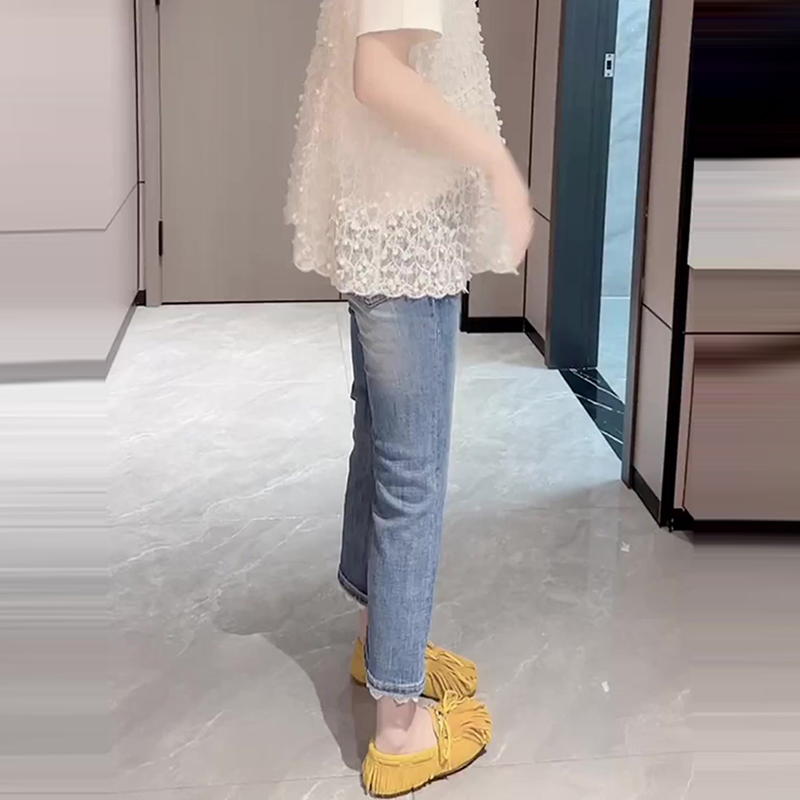 拼接蕾絲九分微喇叭牛仔褲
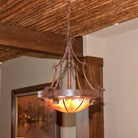 Hand-forged iron chandelier with handmade rawhide dome in western themed room 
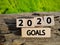 new year concept of 2020 goals text on wooden blocks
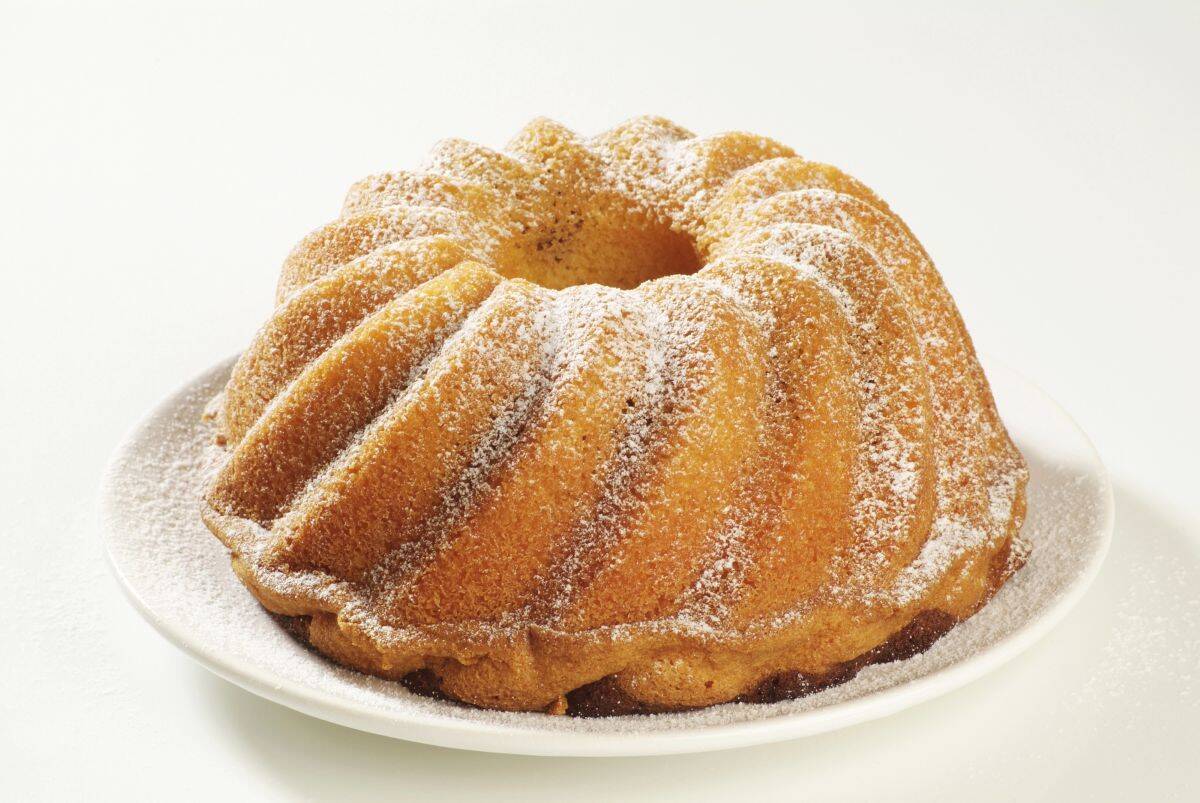 A classic golden bundt cake dusted with powdered sugar, served on a white plate with a clean, minimal background. The cake's defined ridges and light coating of sugar give it a simple yet elegant look.
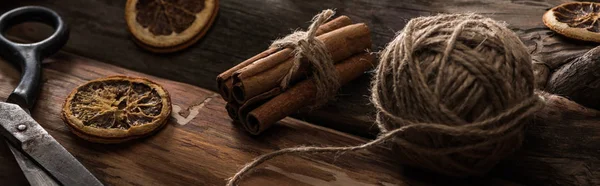 Close up view of cinnamon sticks, scissors, ball of thread on wooden background with dried citrus slices, panoramic shot — Stock Photo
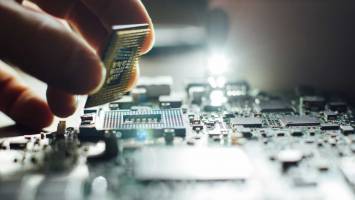 The best PC components for your custom video editing computer — 2019 Hand placing a computer component on a motherboard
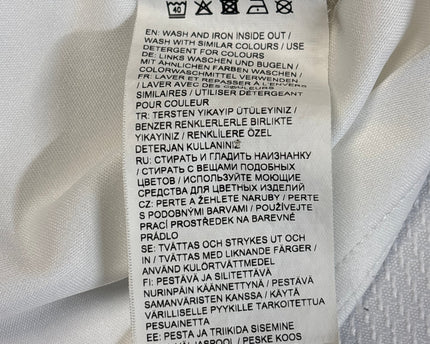 MC-06942-1313-CRCL-010-wash_tag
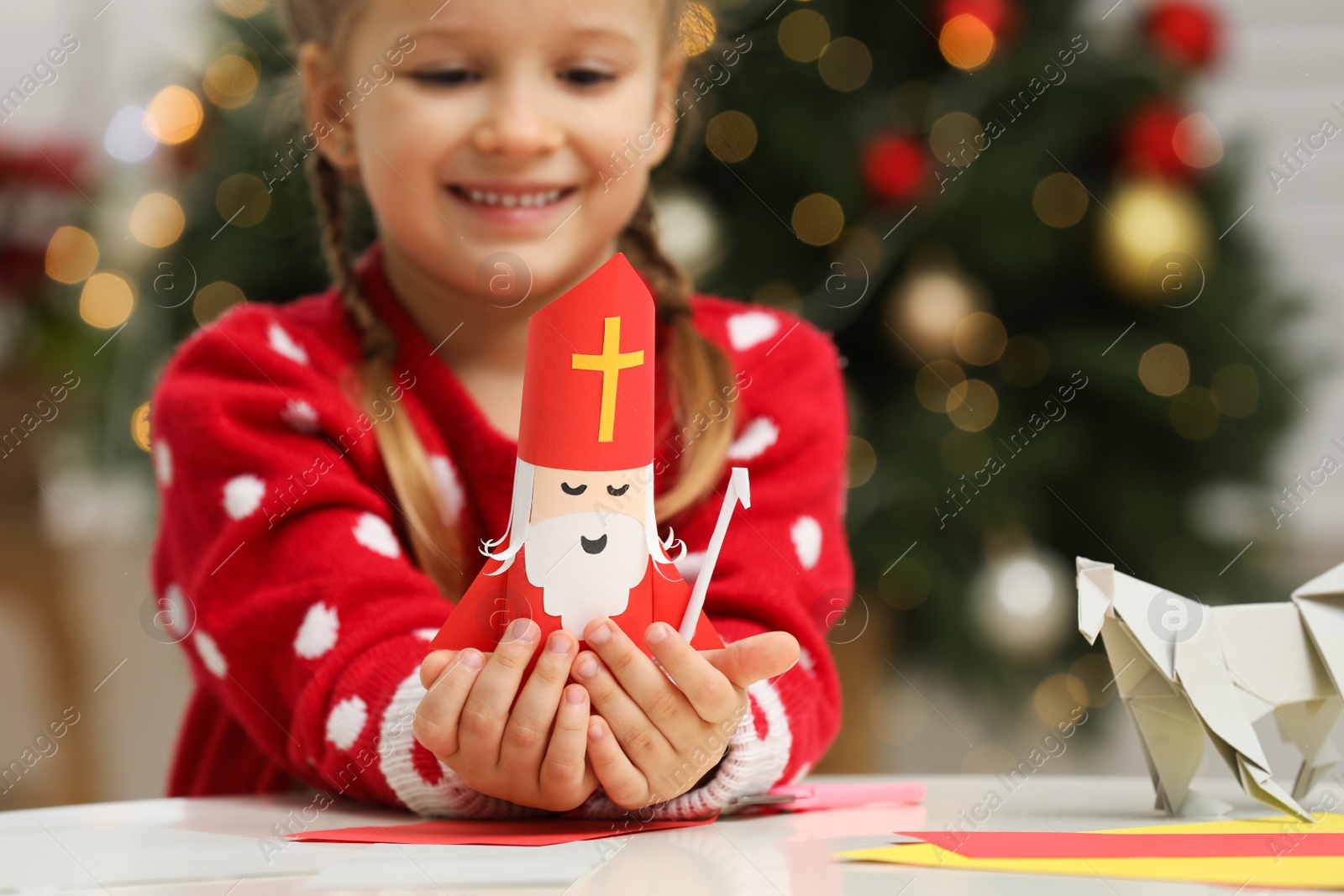 Photo of Cute little girl with paper Saint Nicholas toy at home, focus on hands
──────────
Problem to solve: Give again, word for word, only the lines that run from the top of the data above through the line with "Close up view". Drop the pictures.

Your response:
 拼接蕾絲九分微喇叭牛仔褲
 Hand-forged iron chandelier with handmade rawhide dome in western themed room 
 new year concept of 2020 goals text on wooden blocks
 A classic golden bundt cake dusted with powdered sugar, served on a white plate with a clean, minimal background. The cake's defined ridges and light coating of sugar give it a simple yet elegant look.
 Close up view of cinnamon sticks, scissors, ball of thread on wooden background with dried citrus slices, panoramic shot — Stock Photo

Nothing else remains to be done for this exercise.